(Data entries)

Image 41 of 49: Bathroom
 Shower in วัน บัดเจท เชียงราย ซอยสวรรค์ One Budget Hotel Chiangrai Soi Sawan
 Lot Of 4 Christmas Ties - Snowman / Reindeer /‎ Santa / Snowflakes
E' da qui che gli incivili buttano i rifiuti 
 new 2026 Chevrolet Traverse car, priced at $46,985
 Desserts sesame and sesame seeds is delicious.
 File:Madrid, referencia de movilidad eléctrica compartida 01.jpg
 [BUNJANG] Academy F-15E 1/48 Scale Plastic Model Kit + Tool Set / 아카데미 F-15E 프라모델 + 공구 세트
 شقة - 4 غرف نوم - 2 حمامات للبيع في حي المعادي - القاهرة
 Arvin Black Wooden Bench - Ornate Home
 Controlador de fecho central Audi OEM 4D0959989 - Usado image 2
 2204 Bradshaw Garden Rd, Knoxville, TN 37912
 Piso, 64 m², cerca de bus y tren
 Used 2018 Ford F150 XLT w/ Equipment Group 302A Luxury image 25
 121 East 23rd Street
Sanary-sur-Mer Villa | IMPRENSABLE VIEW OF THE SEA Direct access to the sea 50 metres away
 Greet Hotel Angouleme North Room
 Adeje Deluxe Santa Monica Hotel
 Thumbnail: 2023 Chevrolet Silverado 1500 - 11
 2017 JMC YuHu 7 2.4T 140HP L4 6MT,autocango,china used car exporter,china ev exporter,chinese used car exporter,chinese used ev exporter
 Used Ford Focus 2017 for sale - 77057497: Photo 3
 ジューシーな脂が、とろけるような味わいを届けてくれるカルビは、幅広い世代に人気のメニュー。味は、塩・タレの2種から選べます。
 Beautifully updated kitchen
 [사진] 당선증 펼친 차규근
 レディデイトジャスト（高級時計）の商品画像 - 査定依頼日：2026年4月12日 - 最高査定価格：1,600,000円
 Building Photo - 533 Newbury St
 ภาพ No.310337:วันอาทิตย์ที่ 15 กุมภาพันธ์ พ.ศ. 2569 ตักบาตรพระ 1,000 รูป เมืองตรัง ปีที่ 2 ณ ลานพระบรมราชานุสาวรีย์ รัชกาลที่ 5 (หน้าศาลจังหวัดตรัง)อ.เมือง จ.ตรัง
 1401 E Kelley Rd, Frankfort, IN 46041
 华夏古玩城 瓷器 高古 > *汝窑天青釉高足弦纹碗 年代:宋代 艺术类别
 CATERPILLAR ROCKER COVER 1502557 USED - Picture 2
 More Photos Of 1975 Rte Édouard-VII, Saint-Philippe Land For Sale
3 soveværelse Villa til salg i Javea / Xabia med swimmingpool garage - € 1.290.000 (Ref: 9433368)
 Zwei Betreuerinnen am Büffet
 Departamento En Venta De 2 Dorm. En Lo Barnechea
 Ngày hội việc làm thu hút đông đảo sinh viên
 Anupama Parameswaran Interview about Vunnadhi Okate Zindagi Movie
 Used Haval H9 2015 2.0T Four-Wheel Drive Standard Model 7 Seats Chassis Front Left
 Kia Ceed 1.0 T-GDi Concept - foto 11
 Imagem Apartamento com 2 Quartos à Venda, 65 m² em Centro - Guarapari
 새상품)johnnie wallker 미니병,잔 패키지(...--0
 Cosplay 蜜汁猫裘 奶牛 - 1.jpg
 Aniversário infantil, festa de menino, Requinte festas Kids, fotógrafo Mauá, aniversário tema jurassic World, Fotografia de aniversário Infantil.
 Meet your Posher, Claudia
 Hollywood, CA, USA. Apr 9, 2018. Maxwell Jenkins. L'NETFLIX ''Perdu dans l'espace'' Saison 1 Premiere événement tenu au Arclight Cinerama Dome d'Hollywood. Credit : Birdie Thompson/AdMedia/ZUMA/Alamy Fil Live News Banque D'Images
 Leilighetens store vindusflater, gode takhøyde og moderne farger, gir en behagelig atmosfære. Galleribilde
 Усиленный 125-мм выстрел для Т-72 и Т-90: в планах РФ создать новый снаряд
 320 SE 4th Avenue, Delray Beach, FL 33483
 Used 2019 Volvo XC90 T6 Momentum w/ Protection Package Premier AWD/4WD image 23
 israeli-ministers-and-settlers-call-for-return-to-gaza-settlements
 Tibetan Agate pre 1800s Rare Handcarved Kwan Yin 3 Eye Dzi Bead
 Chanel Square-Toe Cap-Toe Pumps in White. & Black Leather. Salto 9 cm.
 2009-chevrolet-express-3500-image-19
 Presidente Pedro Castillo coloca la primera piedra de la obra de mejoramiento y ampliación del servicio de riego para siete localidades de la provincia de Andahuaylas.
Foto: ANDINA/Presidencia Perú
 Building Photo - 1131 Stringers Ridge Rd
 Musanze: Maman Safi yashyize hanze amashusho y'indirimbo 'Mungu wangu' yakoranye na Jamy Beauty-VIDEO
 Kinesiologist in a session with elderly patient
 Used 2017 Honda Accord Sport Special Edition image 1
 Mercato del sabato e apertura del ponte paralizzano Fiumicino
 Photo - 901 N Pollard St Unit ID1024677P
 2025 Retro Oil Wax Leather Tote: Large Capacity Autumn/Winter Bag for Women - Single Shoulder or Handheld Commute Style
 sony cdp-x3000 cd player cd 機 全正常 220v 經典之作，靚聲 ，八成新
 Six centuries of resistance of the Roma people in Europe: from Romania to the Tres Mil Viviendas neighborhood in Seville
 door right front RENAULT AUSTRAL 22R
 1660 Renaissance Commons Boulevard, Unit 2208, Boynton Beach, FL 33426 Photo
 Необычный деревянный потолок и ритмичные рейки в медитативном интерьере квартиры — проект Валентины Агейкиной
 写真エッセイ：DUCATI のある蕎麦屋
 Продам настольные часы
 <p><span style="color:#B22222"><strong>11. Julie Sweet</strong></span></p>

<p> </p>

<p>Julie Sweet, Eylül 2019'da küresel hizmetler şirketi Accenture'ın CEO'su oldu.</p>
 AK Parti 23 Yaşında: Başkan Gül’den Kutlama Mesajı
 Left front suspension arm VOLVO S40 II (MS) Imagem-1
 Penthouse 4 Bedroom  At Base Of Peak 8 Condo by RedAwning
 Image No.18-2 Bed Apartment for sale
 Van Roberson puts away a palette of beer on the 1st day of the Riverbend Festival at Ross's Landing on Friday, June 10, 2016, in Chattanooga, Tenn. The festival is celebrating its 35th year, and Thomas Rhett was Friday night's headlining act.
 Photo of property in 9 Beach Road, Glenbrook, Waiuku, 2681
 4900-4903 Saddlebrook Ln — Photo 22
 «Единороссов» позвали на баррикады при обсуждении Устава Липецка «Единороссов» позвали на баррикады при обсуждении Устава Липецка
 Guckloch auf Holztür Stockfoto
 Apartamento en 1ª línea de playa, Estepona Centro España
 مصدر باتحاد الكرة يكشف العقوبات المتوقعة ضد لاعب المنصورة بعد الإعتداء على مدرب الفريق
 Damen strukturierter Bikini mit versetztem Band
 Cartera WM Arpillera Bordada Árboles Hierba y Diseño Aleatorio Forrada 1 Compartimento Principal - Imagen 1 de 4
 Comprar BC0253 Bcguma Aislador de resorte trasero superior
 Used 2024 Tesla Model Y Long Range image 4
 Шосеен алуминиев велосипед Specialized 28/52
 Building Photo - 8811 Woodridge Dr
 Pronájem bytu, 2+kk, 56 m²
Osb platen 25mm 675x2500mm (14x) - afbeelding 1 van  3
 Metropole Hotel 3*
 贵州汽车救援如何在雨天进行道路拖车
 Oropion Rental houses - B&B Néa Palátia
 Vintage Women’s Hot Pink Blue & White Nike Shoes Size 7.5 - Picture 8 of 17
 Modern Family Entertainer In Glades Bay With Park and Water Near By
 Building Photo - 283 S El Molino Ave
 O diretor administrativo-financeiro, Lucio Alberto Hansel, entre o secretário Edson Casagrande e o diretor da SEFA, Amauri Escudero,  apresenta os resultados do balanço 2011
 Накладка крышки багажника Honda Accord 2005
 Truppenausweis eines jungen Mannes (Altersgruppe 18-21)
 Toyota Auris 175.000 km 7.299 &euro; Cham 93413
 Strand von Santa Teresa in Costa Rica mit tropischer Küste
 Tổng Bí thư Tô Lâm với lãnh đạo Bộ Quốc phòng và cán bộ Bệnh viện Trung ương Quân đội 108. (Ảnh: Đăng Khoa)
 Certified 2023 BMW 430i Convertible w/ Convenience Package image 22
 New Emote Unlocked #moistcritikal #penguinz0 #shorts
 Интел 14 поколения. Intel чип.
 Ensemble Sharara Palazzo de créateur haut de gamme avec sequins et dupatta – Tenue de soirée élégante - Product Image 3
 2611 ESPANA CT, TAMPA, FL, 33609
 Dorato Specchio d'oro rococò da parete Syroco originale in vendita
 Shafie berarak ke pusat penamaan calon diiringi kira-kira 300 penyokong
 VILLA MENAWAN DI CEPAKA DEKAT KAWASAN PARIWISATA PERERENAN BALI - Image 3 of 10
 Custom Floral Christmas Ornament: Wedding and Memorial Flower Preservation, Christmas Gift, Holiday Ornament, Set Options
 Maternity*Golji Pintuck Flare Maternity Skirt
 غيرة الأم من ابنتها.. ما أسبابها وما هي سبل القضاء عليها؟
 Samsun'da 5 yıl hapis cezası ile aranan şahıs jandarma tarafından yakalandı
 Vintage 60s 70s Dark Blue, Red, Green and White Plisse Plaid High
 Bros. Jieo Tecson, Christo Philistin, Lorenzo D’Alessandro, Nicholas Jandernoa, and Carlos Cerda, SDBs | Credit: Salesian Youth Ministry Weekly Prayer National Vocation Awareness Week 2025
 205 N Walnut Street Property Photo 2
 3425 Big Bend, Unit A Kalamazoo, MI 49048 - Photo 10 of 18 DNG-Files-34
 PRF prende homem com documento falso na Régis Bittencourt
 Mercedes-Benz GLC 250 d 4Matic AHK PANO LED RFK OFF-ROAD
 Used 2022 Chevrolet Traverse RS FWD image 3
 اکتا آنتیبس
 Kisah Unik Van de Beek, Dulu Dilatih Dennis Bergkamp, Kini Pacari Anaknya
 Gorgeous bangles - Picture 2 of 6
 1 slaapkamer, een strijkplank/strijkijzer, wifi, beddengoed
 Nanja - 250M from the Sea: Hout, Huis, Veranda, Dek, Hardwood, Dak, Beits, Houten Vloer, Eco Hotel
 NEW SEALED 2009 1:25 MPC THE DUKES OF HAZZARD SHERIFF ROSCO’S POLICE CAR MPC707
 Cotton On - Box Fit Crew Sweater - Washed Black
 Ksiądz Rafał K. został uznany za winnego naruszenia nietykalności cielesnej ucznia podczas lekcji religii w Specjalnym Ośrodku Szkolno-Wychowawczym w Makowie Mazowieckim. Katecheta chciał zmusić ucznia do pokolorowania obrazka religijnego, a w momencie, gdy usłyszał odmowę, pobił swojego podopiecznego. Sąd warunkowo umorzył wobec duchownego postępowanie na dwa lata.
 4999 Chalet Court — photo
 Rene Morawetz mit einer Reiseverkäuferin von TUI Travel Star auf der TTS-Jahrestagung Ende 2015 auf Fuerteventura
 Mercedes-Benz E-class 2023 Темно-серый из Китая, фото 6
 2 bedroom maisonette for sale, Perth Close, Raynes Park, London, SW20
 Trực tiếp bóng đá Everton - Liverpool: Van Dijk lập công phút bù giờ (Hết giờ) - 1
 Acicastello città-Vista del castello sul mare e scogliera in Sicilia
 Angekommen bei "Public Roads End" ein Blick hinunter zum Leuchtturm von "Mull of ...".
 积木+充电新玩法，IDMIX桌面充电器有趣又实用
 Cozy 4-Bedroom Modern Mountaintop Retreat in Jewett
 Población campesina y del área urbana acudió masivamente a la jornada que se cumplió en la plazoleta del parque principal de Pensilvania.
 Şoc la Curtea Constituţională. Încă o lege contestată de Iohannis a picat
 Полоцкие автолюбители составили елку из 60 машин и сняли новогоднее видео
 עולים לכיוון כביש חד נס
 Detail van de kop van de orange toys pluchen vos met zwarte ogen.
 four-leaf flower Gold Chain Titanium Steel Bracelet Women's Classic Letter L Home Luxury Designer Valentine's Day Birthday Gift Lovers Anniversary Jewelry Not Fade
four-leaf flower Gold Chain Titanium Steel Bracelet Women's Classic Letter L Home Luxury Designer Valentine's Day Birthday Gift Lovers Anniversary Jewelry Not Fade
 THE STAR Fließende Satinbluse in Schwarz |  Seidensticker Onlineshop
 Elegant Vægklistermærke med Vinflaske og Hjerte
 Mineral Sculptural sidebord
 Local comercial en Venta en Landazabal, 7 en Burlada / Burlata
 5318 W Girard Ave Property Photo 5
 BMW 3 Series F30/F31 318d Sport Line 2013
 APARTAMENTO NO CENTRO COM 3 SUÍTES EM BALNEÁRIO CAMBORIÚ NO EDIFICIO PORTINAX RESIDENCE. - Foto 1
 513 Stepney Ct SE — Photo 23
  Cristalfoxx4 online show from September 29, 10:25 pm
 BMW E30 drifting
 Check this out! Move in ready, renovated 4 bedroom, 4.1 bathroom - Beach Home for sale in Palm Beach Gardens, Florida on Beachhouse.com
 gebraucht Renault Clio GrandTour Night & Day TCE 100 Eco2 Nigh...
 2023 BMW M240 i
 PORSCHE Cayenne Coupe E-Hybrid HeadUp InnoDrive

What the task asks:
Copy out each line of the data that holds the string "Venta".

Response to the task:
 Departamento En Venta De 2 Dorm. En Lo Barnechea
 Local comercial en Venta en Landazabal, 7 en Burlada / Burlata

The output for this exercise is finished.